In 2015, while Dimaya’s appeal was pending, the court held in Johnson v. United States that the Armed Career Criminal Act’s definition of “violent felony” was so vague as to violate due process. Relying on Johnson, the 9th Circuit found that Section 16(b) was unconstitutionally vague and vacated Dimaya’s removal order.
Defending the constitutionality of Section 16(b), the U.S. solicitor general contends that the court of appeals erred in applying the due process clause’s prohibition of vagueness in criminal statutes to a civil immigration law. The government relies on Village of Hoffman Estates v. Flipside, Hoffman Estates, Inc., in which the court stated that it has shown “greater tolerance of enactments with civil rather than criminal penalties.” The solicitor general bolsters that argument by claiming, in language echoing the court’s plenary-power decisions, that vagueness challenges to the immigration laws are especially inappropriate: “[T]he Executive Branch possesses broad authority in the administration of the immigration laws because of their foreign relations and national security implications.” He further argues that, even if subject to a vagueness challenge, Section 16(b) satisfies due process.
Dimaya counters by accusing the federal government of seeking to overrule Jordan “sub silentio” and to fully immunize the immigration removal provisions from vagueness challenges. He further contends that “Jordan is … consistent with this Court’s cases demonstrating that contemporary vagueness standards in criminal cases apply to civil statutes that impose similarly severe consequences.” Recent decisions such as Padilla v. Kentucky, in 2009, which expanded the scope of immigrants’ Sixth Amendment right to effective assistance of counsel in criminal cases, have acknowledged that removal is a critical part of punishments for immigrants convicted of crimes. Given that background, Dimaya argues that Johnson compels a finding that Section 16(b) is unconstitutionally vague.
Divisions among the justices emerged in the initial argument of the case.

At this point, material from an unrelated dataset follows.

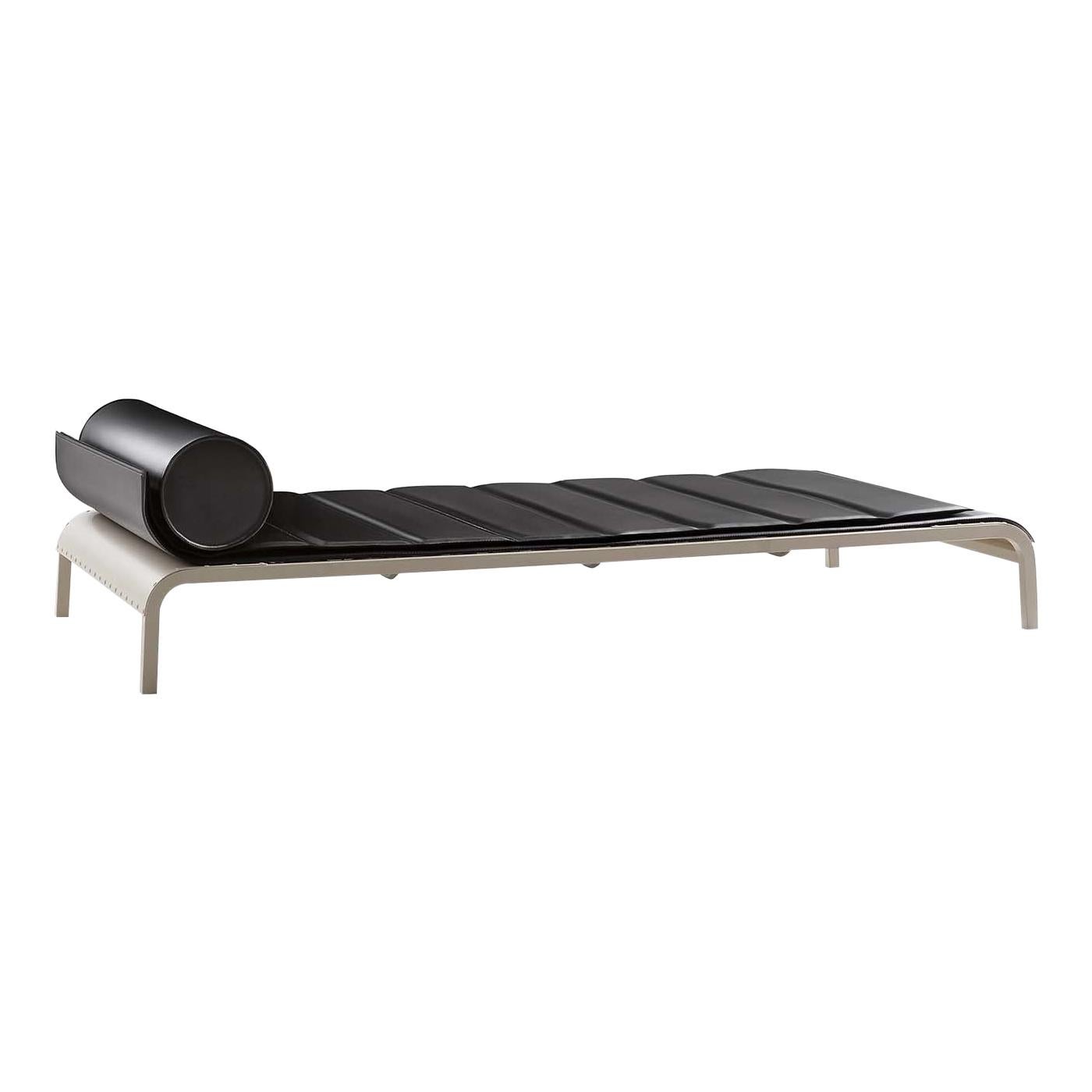 Rock Daybed by Marc Sadler For Sale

However, no justice seemed interested in overruling Jordan’s holding that removal provisions are subject to review under due process vagueness standards. Even if the justices were willing to review the constitutionality of Section 16(b), they appeared divided on whether this case is distinguishable from Johnson v. United States and thus whether the statute is void for vagueness. Short-handed after Justice Antonin Scalia’s death, the court ordered reargument.
Over more than two centuries, the Supreme Court has not yet firmly established that the Constitution applies (much less how it applies) to the immigration laws. Sessions v. Dimaya, along with Jennings v. Rodriguez, a challenge to the constitutionality of immigrant-detention provisions in the immigration statute that will be reargued the day after Dimaya, offers an opportunity for the court to begin to provide a full answer to this fundamental question.